Wer öffentlich Musik abspielt, muss meist zahlen - Gebühren an die Verwertungsgesellschaft Gema. Sie vertritt die Interessen von Komponisten und Musikern. Doch viele, vor allem kleine Live-Lokale Berlins können das Geld nicht mehr aufbringen und ziehen ihre Konsequenzen.

John Kunkeler sitzt im karg eingerichteten Backstage-Raum seines Clubs und sieht schwarz. Das liegt nicht daran, dass - von ihm unkommentiert - ab und an die Beleuchtung ausfällt. John Kunkeler ist vielmehr pessimistisch, weil sein Laden und die Zukunft der Berliner Jazzszene in Gefahr ist. Schuld daran trage die Gema.

Jene Gesellschaft für musikalische Aufführungs- und mechanische Vervielfältigungsrechte (Gema) verlangt für Auftritte in seinem "Schlot" an der Chausseestraße Beträge, die er mit seinem derzeitigen Programm aus Jazz und Nachwuchsbands nicht einspielen kann. Das Problem trifft die meisten kleinen Berliner Jazz-Läden, etwa das "A-Trane". Andere, wie das "Quasimodo", haben unter dem Druck der Gema-Forderungen auf ein kommerzielleres Programm umgeschwenkt.

Spätestens seit dem Umzug im Jahr 2000 in die aufwendig restaurierten Edisonhöfe in Mitte zählt der "Schlot" zu den renommiertesten Jazzclubs Berlins.
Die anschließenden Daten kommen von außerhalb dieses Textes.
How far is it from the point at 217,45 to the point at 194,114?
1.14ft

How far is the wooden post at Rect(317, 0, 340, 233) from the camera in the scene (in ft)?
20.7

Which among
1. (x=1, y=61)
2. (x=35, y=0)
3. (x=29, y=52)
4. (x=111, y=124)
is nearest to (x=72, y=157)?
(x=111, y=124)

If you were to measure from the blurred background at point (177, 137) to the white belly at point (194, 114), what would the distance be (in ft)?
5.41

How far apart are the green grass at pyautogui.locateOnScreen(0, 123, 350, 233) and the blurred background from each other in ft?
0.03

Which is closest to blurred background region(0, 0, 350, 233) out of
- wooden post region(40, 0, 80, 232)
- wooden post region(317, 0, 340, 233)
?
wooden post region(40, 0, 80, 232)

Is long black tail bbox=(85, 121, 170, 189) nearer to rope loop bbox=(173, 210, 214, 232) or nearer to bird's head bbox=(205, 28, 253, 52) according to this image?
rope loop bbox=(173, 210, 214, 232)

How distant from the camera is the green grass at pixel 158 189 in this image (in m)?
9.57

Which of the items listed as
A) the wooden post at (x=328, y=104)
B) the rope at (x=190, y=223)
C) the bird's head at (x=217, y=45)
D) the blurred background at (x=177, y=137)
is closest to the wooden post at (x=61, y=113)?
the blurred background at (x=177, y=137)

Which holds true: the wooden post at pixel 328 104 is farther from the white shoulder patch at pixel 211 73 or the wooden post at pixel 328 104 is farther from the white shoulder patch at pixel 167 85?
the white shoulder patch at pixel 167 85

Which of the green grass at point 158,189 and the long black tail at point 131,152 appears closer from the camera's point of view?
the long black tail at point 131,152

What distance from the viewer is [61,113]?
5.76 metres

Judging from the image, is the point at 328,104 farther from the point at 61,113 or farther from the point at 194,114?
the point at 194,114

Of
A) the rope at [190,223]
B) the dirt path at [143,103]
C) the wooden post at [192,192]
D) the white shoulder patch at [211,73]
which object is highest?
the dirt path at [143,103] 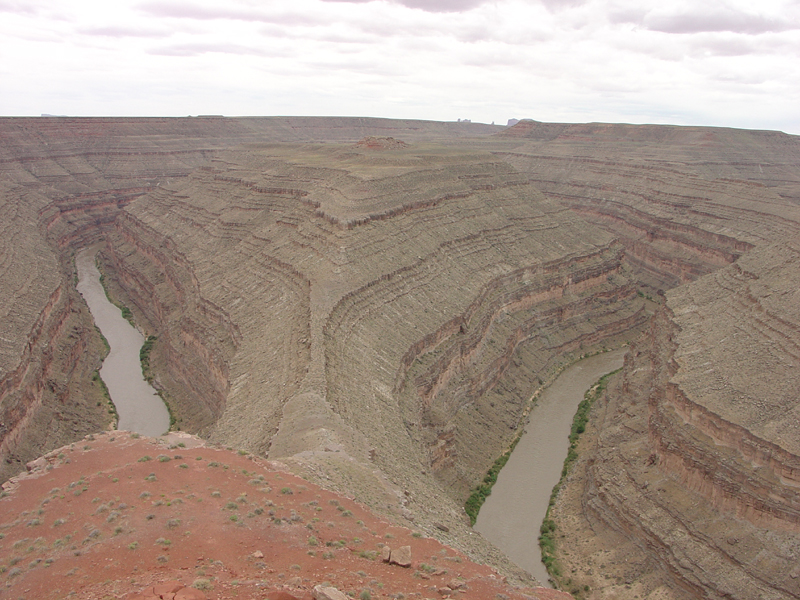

Auf der gegenüberliegenden Seite des Hofs befindet sich die Berliner Dependance von Musikriese Sony Music. Und dass von jener Tonträgerindustrie wegen sinkender Verkäufe infolge von Internetpiraterie nicht mehr die üblichen Erlöse an die Gema abgeführt werden, sei laut Kunkeler einer der Gründe, warum er nun unter Druck gerät. "Angesichts solcher Verluste, greift sich die Gema jetzt die, bei der sie meint, noch etwas holen zu können: die Clubbetreiber." Seinen Lebensunterhalt jedenfalls bestreitet er nicht aus den Einnahmen des Clubs.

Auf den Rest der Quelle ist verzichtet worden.